I love the classic Mad Men scene that describes nostalgia as "the pain of an
old wound" [1]. That's the most apt description I've encountered and I think
much more of what we are dealing with in Wyeth's paintings.

[1] [https://vimeo.com/20736616](https://vimeo.com/20736616)

------
sndean
My granddad met Andrew Wyeth and is good friends with his son Jamie, who's
also a painter. There were a lot of famous artists involved in NASA's art
program in the 70's [0].

> “Why Do Critics Still Hate Andrew Wyeth?”
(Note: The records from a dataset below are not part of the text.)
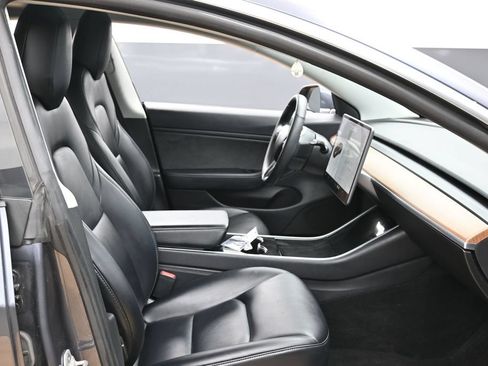 Used 2020 Tesla Model 3 Long Range AWD/4WD image 37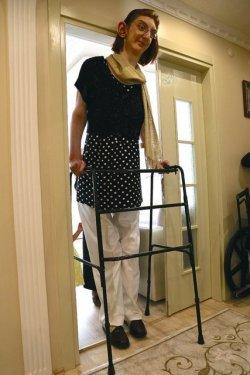 Dünyanın en uzun boylu kızı Rümeysa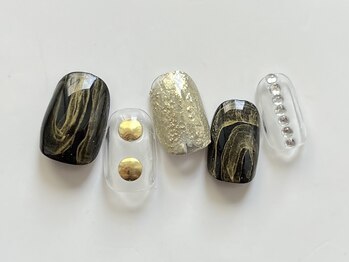 ユノ フィオーレ(Juno fiore)/ブラック×ゴールドインク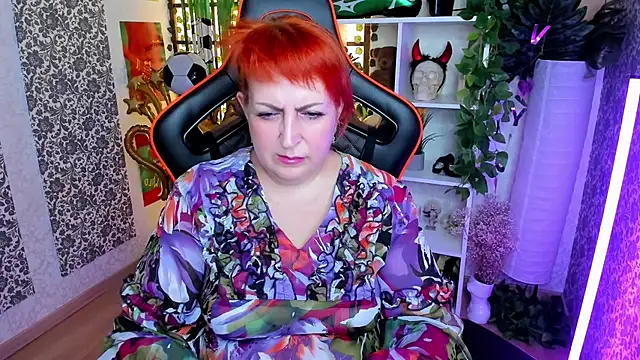 Snapshot of Joana_Woods chatting on July 2, 2026, 8:42 am Joana Woods online show from July 2, 2026, 8:42 am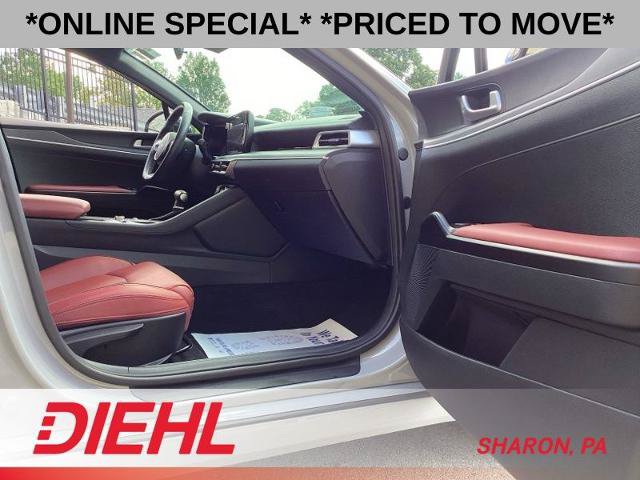 Used 2024 Kia K5 GT-Line AWD/4WD image 13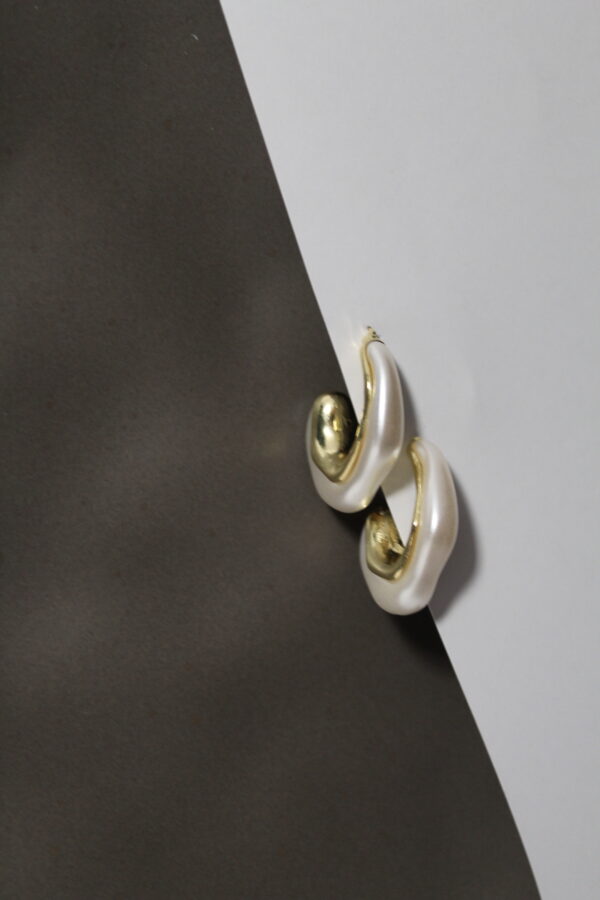 PENDIENTES MOON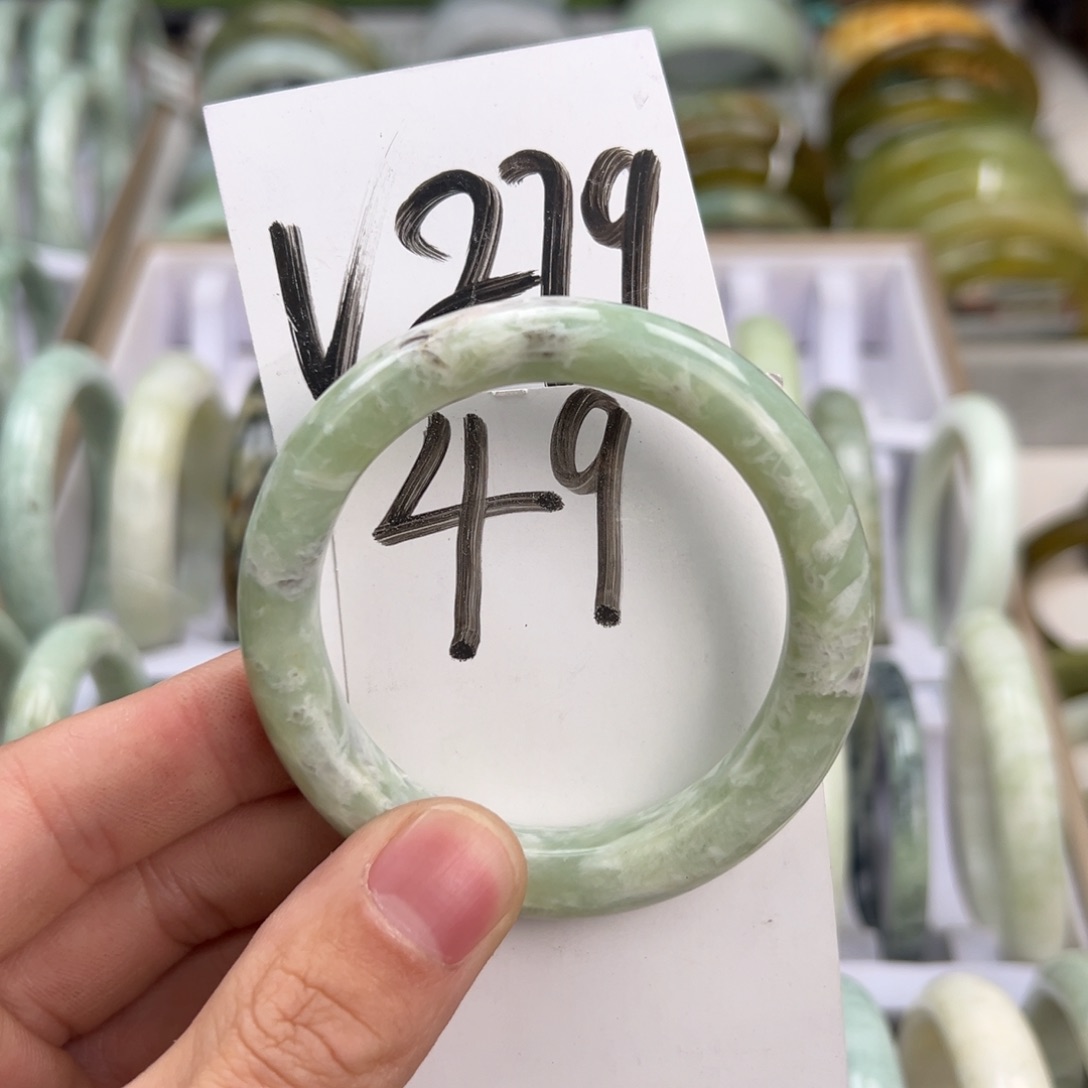 岫玉手镯未镶嵌天然岫玉微瑕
At least from what I've been told it's because he and his family became really
wealthy (I've seen the Ferraris). And he mostly rejected the whole art scene
in NYC. Glad that that's pretty consistent with the article.

[0]
[https://en.wikipedia.org/wiki/Jamie_Wyeth#.22Eyewitness_to_S...](https://en.wikipedia.org/wiki/Jamie_Wyeth#.22Eyewitness_to_Space.22)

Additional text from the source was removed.